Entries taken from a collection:
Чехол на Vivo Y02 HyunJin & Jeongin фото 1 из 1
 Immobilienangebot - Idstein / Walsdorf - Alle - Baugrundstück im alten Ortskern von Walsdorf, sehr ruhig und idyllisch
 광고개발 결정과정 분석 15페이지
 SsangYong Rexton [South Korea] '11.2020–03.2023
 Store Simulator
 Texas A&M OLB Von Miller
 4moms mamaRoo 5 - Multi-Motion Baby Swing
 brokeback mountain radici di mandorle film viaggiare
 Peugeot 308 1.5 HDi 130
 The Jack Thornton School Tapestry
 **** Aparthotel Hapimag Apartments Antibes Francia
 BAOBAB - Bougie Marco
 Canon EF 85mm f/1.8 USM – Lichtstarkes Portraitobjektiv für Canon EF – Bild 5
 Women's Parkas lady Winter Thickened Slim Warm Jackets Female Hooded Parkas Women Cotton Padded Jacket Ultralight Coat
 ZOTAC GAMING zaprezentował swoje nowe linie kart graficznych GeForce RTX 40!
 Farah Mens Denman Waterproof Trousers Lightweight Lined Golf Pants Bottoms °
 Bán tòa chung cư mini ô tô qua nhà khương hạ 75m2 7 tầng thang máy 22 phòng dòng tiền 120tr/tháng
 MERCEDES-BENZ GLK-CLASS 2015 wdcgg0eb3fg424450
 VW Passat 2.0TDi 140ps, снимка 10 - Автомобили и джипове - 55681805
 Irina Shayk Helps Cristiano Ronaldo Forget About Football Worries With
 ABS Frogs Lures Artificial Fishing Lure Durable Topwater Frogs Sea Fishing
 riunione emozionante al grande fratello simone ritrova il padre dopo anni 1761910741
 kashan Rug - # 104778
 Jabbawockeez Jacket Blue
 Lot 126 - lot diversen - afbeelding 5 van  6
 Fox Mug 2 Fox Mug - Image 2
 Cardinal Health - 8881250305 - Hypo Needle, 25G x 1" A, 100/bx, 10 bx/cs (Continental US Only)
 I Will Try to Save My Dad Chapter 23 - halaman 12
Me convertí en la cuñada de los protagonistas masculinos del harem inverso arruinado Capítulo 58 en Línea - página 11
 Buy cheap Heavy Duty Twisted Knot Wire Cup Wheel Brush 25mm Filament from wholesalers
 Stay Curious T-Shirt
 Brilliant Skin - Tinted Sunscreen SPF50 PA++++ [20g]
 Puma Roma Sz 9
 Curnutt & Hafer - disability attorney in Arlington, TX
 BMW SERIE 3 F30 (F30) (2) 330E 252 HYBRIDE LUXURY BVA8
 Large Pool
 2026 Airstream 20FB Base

Exercise aim -
Please copy the line that holds "ABS Frogs Lures" and each line under it through the last line above, exactly as they stand, adding nothing.

Written reply -
 ABS Frogs Lures Artificial Fishing Lure Durable Topwater Frogs Sea Fishing
 riunione emozionante al grande fratello simone ritrova il padre dopo anni 1761910741
 kashan Rug - # 104778
 Jabbawockeez Jacket Blue
 Lot 126 - lot diversen - afbeelding 5 van  6
 Fox Mug 2 Fox Mug - Image 2
 Cardinal Health - 8881250305 - Hypo Needle, 25G x 1" A, 100/bx, 10 bx/cs (Continental US Only)
 I Will Try to Save My Dad Chapter 23 - halaman 12
Me convertí en la cuñada de los protagonistas masculinos del harem inverso arruinado Capítulo 58 en Línea - página 11
 Buy cheap Heavy Duty Twisted Knot Wire Cup Wheel Brush 25mm Filament from wholesalers
 Stay Curious T-Shirt
 Brilliant Skin - Tinted Sunscreen SPF50 PA++++ [20g]
 Puma Roma Sz 9
 Curnutt & Hafer - disability attorney in Arlington, TX
 BMW SERIE 3 F30 (F30) (2) 330E 252 HYBRIDE LUXURY BVA8
 Large Pool
 2026 Airstream 20FB Base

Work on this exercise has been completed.